Exercise:
From the data below, return only the lines from the one with "2nd image of 1882 Oberlin Dr" through the one with "Profile Picture of", exact and inclusive, with pictures left out.
Records shown: Begin
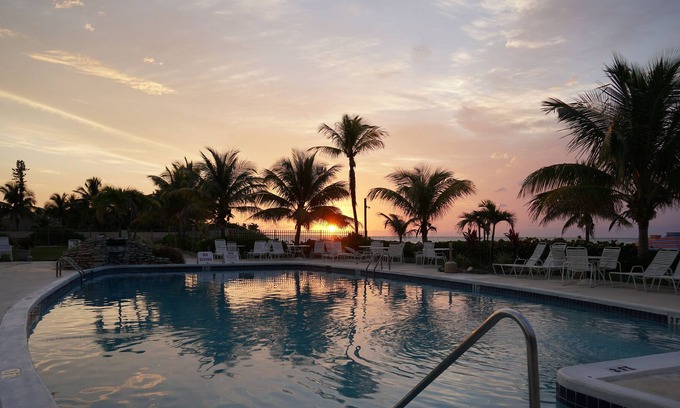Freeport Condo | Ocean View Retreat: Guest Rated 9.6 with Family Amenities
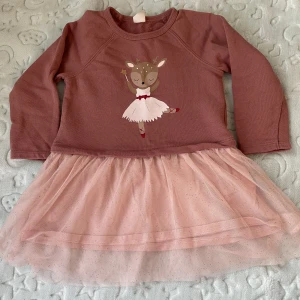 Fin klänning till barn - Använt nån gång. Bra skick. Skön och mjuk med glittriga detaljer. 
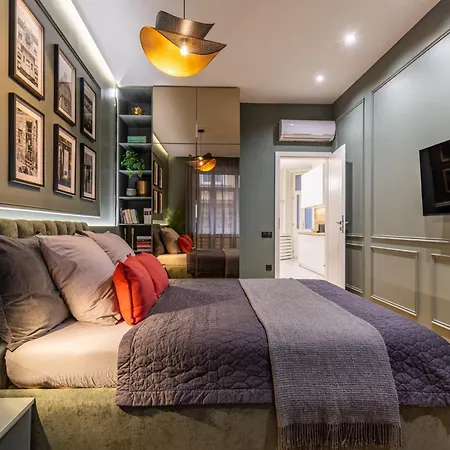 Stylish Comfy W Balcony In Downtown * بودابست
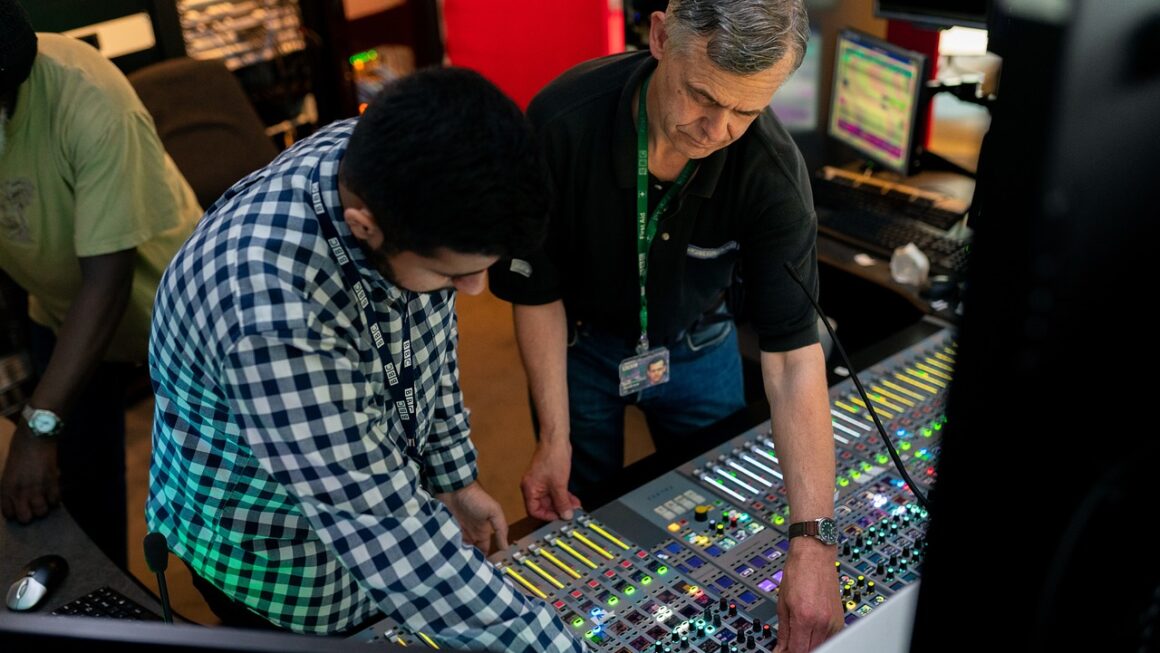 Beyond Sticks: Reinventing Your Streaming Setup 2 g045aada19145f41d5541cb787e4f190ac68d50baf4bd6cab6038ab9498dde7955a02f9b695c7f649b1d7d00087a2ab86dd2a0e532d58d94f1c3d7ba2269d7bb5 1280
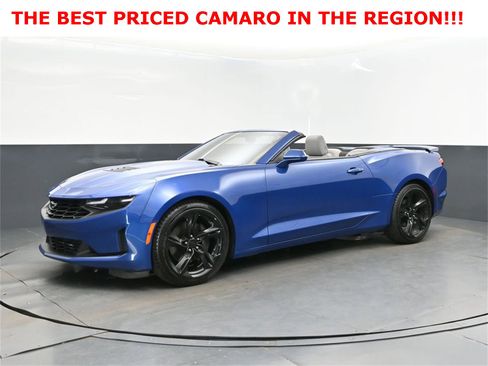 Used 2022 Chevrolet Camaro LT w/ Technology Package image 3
Records shown: End
Records shown: Begin
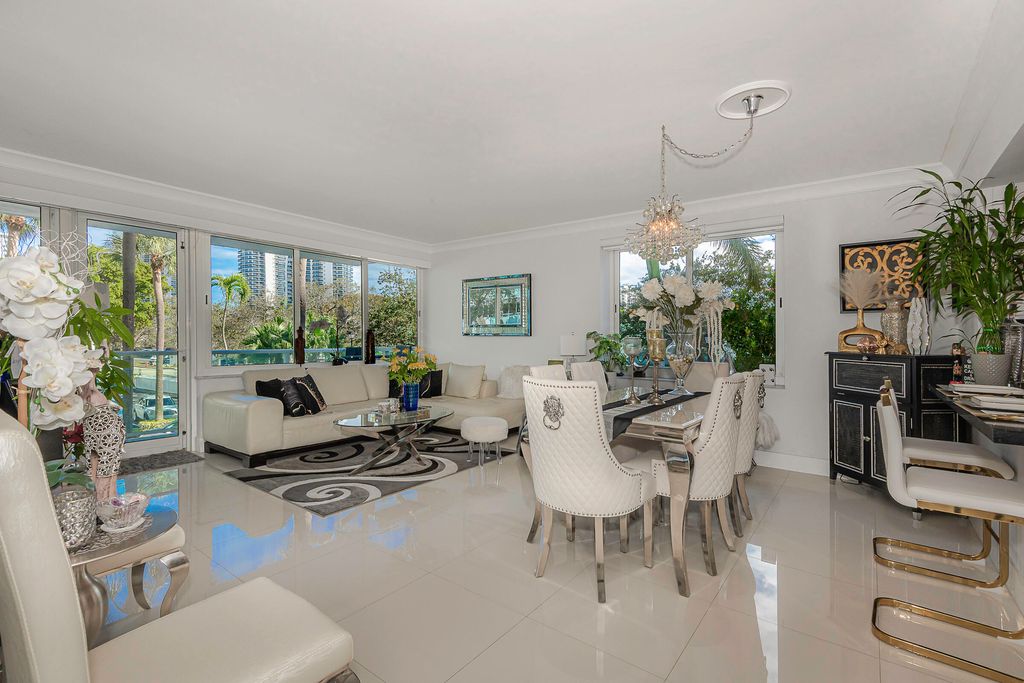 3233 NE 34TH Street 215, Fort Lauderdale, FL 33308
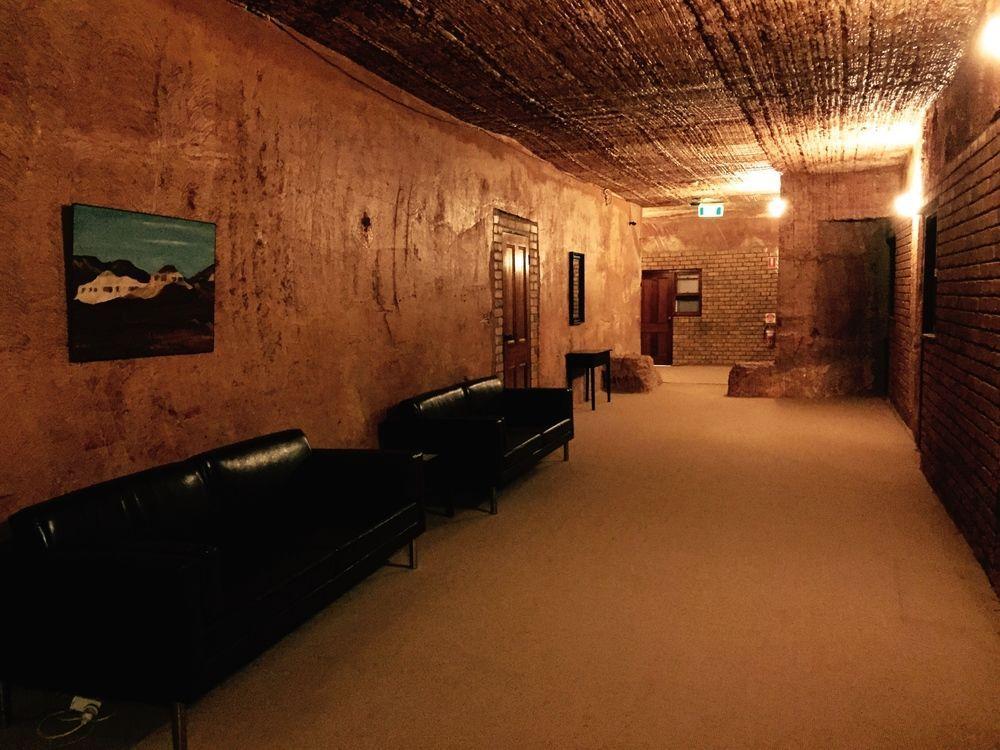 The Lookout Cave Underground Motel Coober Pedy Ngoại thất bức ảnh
Records shown: End
Records shown: Begin
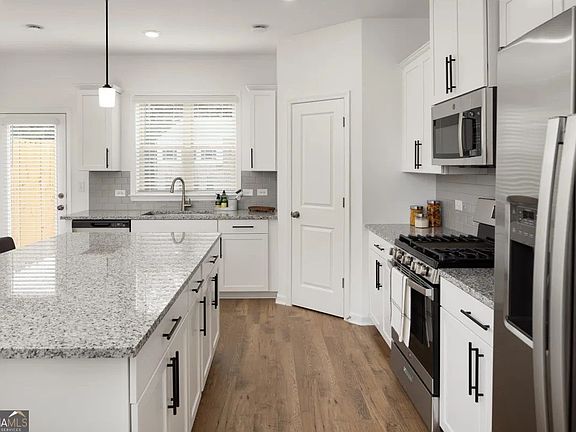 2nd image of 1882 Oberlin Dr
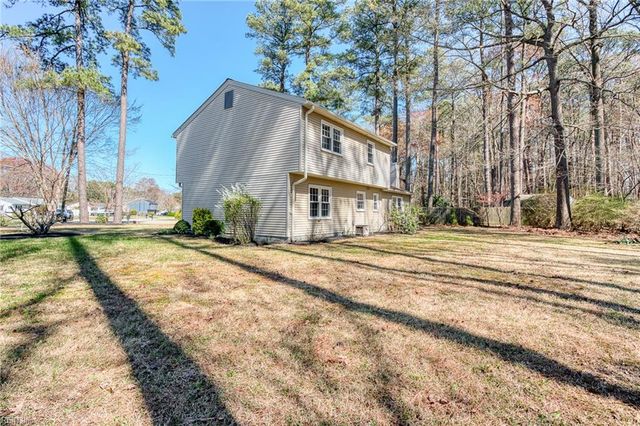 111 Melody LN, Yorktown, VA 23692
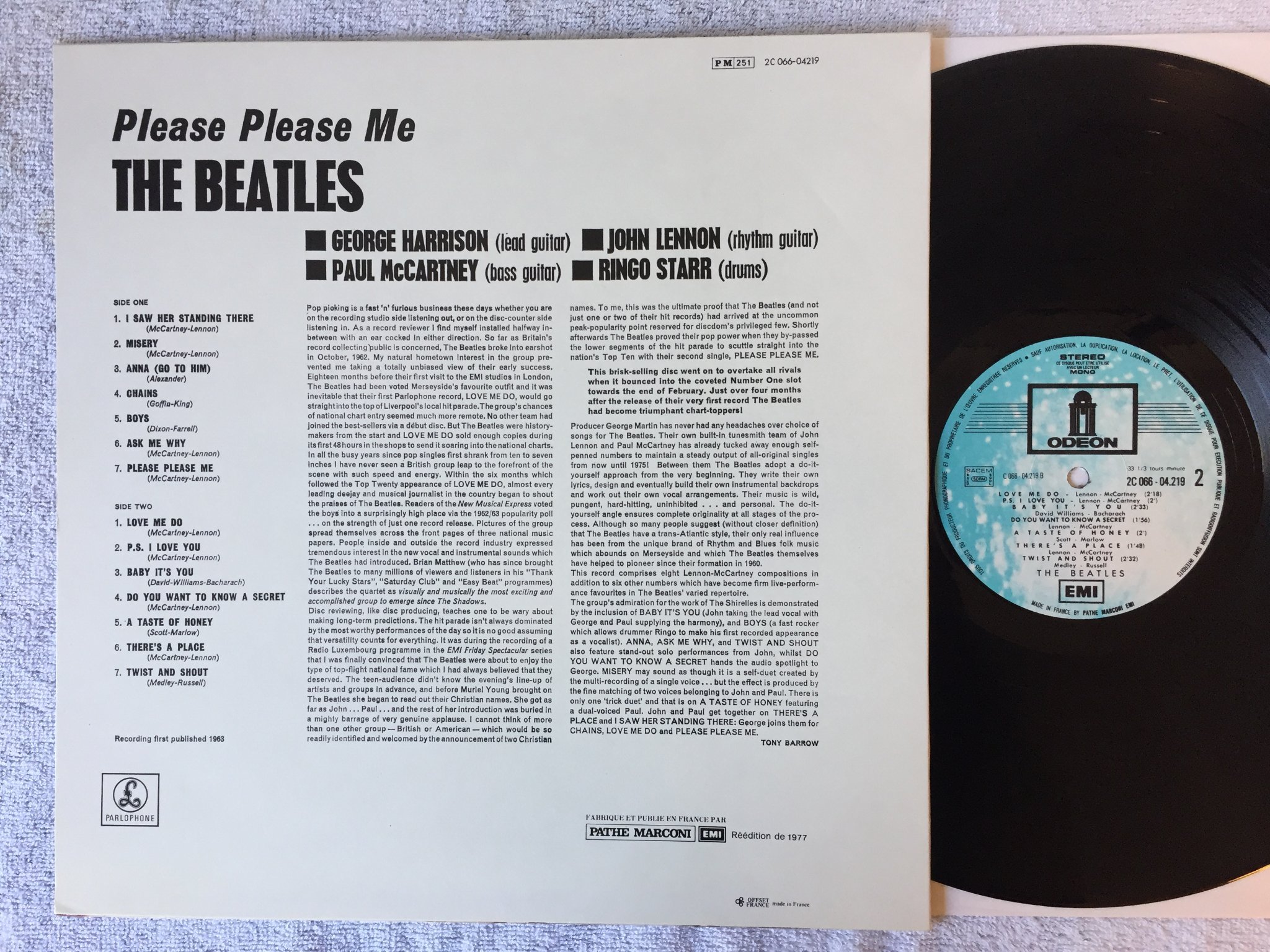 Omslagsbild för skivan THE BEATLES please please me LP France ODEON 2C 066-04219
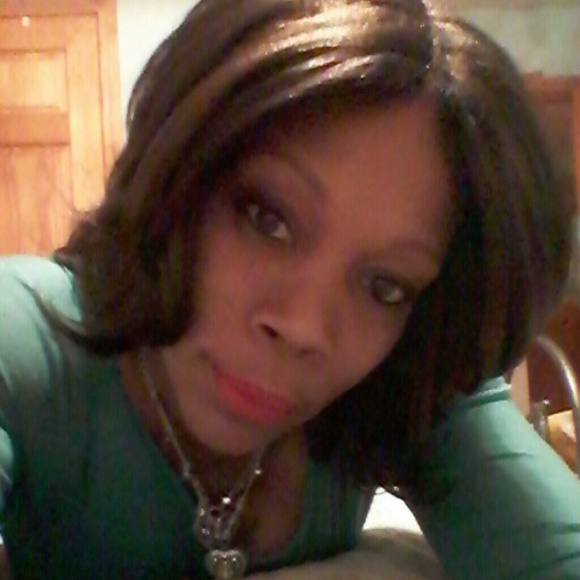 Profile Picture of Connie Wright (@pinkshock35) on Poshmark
Records shown: End
Output for this task:
 2nd image of 1882 Oberlin Dr
 111 Melody LN, Yorktown, VA 23692
 Omslagsbild för skivan THE BEATLES please please me LP France ODEON 2C 066-04219
 Profile Picture of Connie Wright (@pinkshock35) on Poshmark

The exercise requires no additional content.